Mit 1. Februar 1850 begann die Wirksamkeit der Kreisregierungen und der Bezirkshauptmannschaften. Von da an war die erste Ansprechstelle für die Staatsbürger die Bezirkshauptmannschaft als erste Verwaltungsinstanz, während die Kreisregierung die zweite Instanz war. In Murau war die Behörde im Haus des Johann Seyfert, Murau Nr. 16, am Raffaltplatz untergebracht. Im Zuge der abermaligen Hinwendung zum Neoabsolutismus in Wien wurden die voneinander getrennten Bezirkshauptmannschaften und Gerichte wieder vereinigt und bestanden ab 1854/55 als Bezirksämter.
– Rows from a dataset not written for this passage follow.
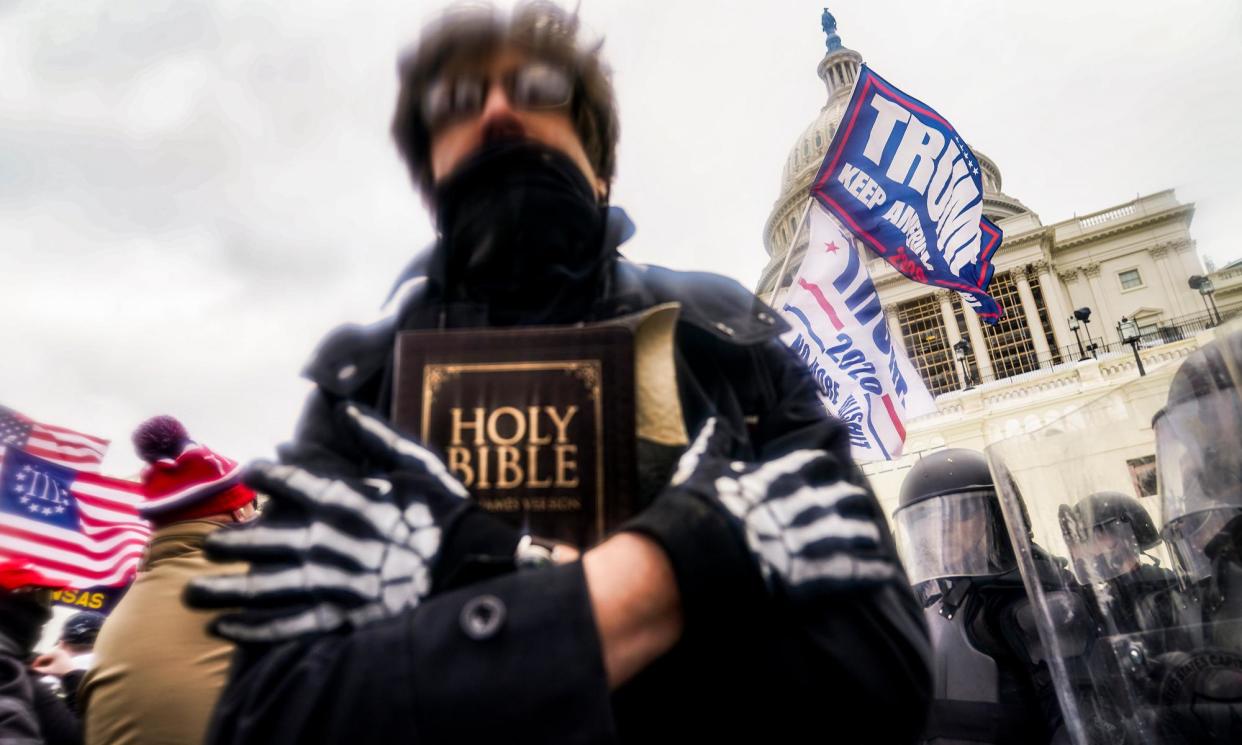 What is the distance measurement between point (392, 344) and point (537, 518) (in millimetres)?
411

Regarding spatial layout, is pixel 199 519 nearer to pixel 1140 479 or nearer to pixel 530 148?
pixel 530 148

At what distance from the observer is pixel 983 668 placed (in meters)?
4.08

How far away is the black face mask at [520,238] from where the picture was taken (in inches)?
50.1

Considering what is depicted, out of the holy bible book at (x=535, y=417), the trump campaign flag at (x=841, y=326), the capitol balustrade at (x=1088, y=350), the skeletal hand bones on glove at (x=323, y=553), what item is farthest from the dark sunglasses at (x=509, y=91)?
the capitol balustrade at (x=1088, y=350)

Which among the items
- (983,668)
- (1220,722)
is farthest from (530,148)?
(983,668)

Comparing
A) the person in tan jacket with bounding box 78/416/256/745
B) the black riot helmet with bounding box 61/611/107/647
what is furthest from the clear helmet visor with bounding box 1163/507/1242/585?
the black riot helmet with bounding box 61/611/107/647

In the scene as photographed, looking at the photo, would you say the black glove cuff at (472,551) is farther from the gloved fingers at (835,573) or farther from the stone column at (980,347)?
the stone column at (980,347)

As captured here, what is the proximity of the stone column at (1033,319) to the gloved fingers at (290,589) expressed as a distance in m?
47.1

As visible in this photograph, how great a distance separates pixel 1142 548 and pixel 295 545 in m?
3.08

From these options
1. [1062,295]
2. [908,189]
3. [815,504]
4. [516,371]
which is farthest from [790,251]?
[1062,295]

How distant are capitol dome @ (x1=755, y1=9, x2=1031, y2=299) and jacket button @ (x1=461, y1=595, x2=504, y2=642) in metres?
38.1

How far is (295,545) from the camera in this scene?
902 mm

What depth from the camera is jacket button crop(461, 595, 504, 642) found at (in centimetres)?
83

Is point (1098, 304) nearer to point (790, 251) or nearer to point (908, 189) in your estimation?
point (908, 189)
Auch in Murau wurde das Bezirksamt geschaffen, in dem nun wieder Verwaltung, Gericht und Steuereinhebung vereint waren. Bis 1869 war das Murauer Bezirksamt abermals im Schloss der ehemaligen Schwarzenbergschen Herrschaftsverwaltung untergebracht, ganz wie in alten Zeiten der Grundherrschaft.
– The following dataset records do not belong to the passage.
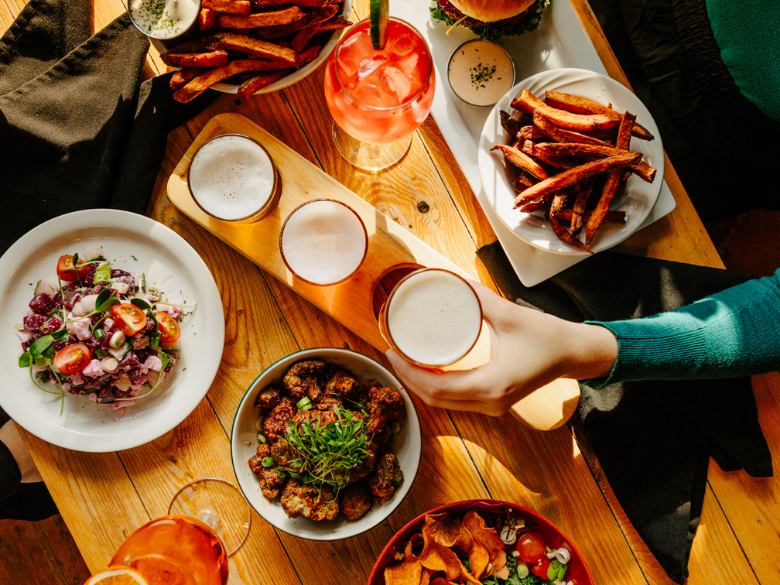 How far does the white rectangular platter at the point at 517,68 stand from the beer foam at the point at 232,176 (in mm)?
625

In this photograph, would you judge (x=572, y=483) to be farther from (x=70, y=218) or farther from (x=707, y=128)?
(x=70, y=218)

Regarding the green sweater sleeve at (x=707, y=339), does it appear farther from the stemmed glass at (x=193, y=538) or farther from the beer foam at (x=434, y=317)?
the stemmed glass at (x=193, y=538)

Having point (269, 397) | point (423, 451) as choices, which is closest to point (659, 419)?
point (423, 451)

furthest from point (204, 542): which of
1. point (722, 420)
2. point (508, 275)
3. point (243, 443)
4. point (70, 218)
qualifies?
point (722, 420)

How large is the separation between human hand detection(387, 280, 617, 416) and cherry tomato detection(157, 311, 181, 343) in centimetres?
72

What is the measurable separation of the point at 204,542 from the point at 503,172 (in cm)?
149

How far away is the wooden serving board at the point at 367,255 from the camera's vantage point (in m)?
1.70

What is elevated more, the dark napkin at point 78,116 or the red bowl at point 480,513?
the dark napkin at point 78,116

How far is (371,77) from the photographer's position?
4.72ft

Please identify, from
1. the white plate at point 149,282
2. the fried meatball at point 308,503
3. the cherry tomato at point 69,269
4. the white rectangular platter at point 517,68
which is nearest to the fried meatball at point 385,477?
the fried meatball at point 308,503

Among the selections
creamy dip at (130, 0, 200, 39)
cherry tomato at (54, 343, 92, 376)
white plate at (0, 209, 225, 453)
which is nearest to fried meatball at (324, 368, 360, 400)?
white plate at (0, 209, 225, 453)

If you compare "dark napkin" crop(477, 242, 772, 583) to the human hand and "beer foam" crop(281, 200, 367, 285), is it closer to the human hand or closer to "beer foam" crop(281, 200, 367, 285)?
the human hand

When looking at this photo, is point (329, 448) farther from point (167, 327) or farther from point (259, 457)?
point (167, 327)

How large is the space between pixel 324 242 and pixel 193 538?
1002 millimetres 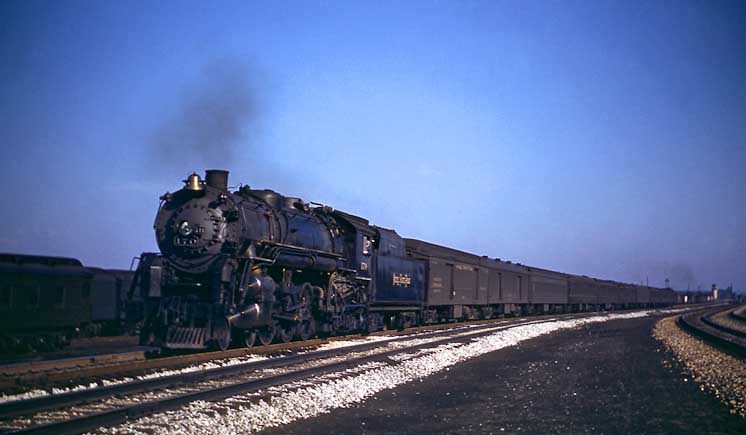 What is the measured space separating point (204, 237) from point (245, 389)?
6312mm

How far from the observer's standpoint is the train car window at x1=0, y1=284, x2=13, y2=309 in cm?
1614

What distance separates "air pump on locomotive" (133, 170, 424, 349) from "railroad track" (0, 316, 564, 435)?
80.2 inches

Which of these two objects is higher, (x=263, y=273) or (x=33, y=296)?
(x=263, y=273)

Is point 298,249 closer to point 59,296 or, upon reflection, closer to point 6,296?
point 59,296

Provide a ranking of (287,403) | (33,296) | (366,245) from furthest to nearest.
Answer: (366,245), (33,296), (287,403)

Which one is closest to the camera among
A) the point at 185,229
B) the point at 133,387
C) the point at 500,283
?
the point at 133,387

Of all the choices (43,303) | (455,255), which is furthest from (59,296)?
(455,255)

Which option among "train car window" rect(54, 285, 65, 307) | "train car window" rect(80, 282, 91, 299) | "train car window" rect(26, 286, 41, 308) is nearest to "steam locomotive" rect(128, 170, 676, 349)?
"train car window" rect(54, 285, 65, 307)

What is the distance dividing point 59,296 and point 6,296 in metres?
1.73

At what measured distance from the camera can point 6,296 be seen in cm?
1625

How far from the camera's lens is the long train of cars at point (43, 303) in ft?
53.3

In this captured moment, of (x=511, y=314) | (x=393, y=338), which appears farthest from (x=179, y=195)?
(x=511, y=314)

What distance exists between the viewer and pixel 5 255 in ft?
55.1

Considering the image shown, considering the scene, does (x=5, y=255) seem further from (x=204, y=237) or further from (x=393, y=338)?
(x=393, y=338)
Mit den im Dezember 1867 beschlossenen Staatsgrundgesetzen, die die österreichische Reichshälfte zu einer modernen Monarchie mit Verfassung machten, wurde die Gewaltentrennung bleibend eingeführt und so kam es 1868 wieder zur Trennung von Verwaltung und Gericht. Die Bezirksämter wurden aufgelöst und die Bezirkshauptmannschaften, Gerichte und Steuerämter voneinander getrennt und unabhängig neu installiert. Zum Bezirk Murau, mit dem Amtssitz der Bezirksgerichte in Murau, Oberwölz und Neumarkt, gehörten 1868 folgende 46 Gemeinden:
Murau: Murau, Predlitz, Einach, Stadl, Falkendorf, Ruprecht, St. Georgen ob Murau, Laßnitz, Stallbaum (Stolzalpe), Triebendorf, Rinegg, Ranten, Seebach, Krakaudorf, Krakauschatten, Krakauhintermühlen, Schöder, Tratten, Frojach, Katsch (20)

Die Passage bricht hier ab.